I'm still reading all the details, but I'm happy to see this conversation.
Alex, let's focus on just one thing. You think we should work on distribution or "conversion" first, and only later, if data "proves" we need to, worry about attrition due to lack of WebKit UA or -webkit CSS property emulation.

Guess what: we are already working on mobile distribution, and before we can close any deals, early in the negotiations, if we even get this far, the potential partners say "why doesn't your browser render our site -- or gmail -- correctly?"

Often the answer depends on user-agent sniffing, but it also may depend on lack of -webkit CSS support, especially for significant effects, not just borders and margins. The issue is far from a minor degradation of presentation, but even visual glitches can kill a deal early in negotiations.

(Those who have missed it, please see the bug linked from where we're gathering data.)

We then have to consider hacking on our UA string just as all browsers have done since "Mozilla/1.0" -- remember "(like Gecko)" in Safari's?

If that doesn't help the content to be rendered competitively, we may then have to turn to CSS properties. Who knows, there may be DOM emulations to consider too (just as we pioneered in 2004 for undetected document.all usage).

Again, this is just to get to first base with potential distribution or conversion partners. I know, we should just have $1B or so lying around to spend on ads and bundling deals -- but we don't. Does this mean we're unfit to field a mobile browser?
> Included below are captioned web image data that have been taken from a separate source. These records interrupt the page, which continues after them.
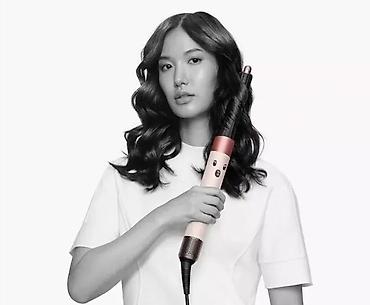 Мультистайлеры: Мультистайлер Dyson, Для выпрямления — 1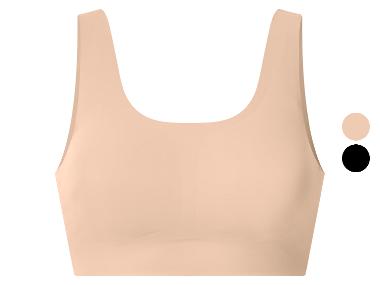 ESMARA® Biustonosz bezszwowy damski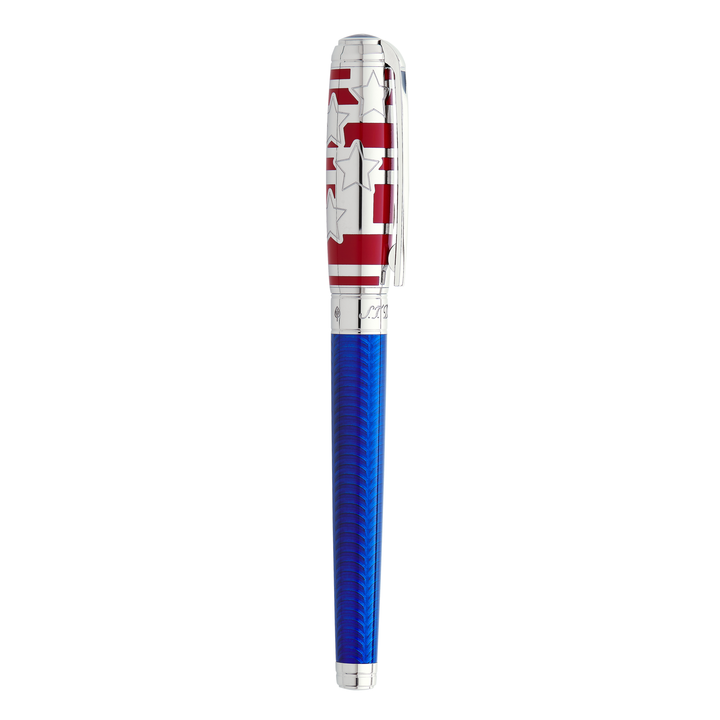 S.T. Dupont Line D Declaration of Independence Limited Edition - Fountain Pen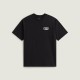 VANS Downside Ss Tee Μαύρο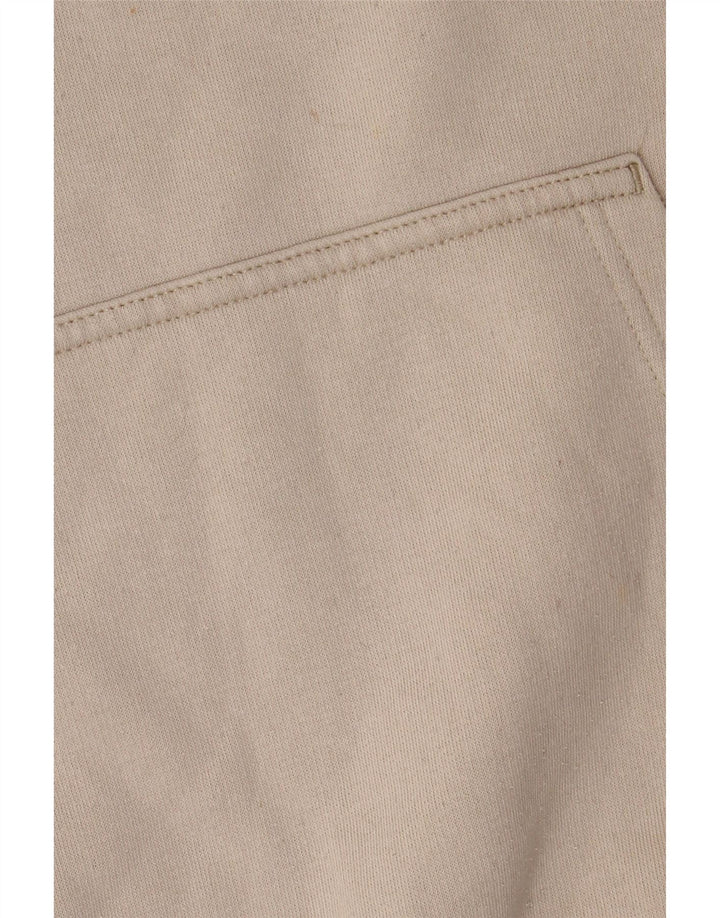 Champion Herren-Kapuzenpullover mit Grafik, mittelbeige Baumwolle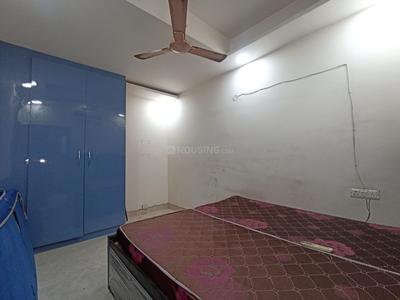Bedroom Image of 900 Sq.ft 2 BHK Builder Floor for sale in Saket New Delhi for Rs. 3500000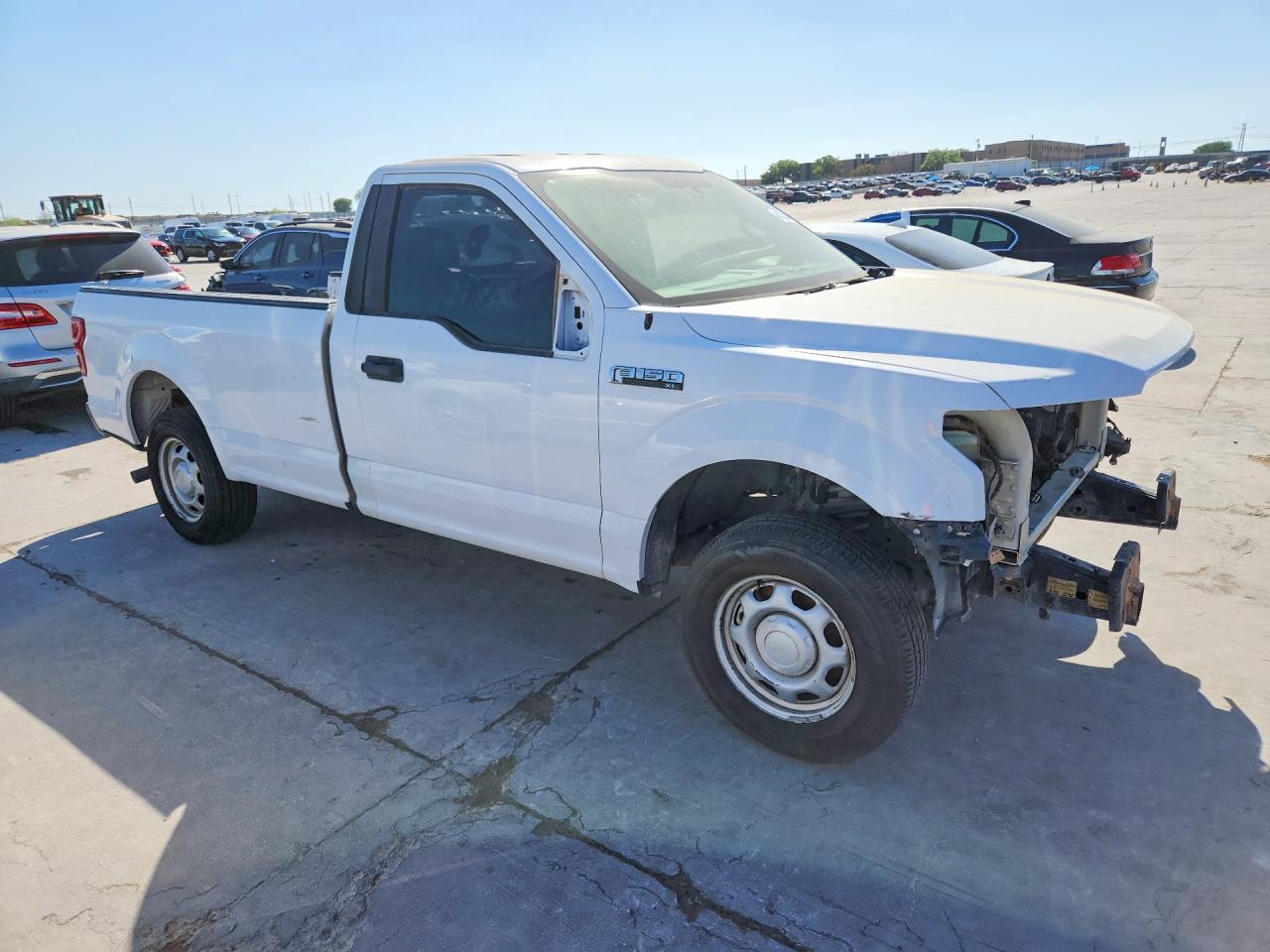 2018 FORD F-150 Lightning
Anyway, we are living this right now, it's not something we somehow missed, or dishonestly tried to conceal. Assuming we're stupid or dishonest is no way to address us, if you're really interested in talking.

But you seemed genuinely (I'm not calling you dishonest) to miss that we can't even demo well to potential distribution partners if we're getting the HTML4, XHTML, or WAP version of a site for want of WebKit emulation. We can't focus on conversion or distribution without emulation to avoid instant attrition. Egg before Chick says we need some amount of emulation, which we are still trying to determine.

What's especially galling about your post is the big "be WebKit" digression. Being WebKit, or being like WebKit, but (really what you mean) possessing billions of dollars and even a whole smartphone-producing business unit, should not be required to field a mobile-web browser. But Google and Apple both have all that money and hardware, and more. And both companies ship browsers supporting -webkit.

So given your own admonition for us to focus on distribution or conversion, why won't you -- now that you have signficiant share -- remove -webkit prefix support right away (not later, when things are standardized), and walk in our shoes, or let's say the shoes you propose we should wear by focusing on distribution and not -webkit emulation?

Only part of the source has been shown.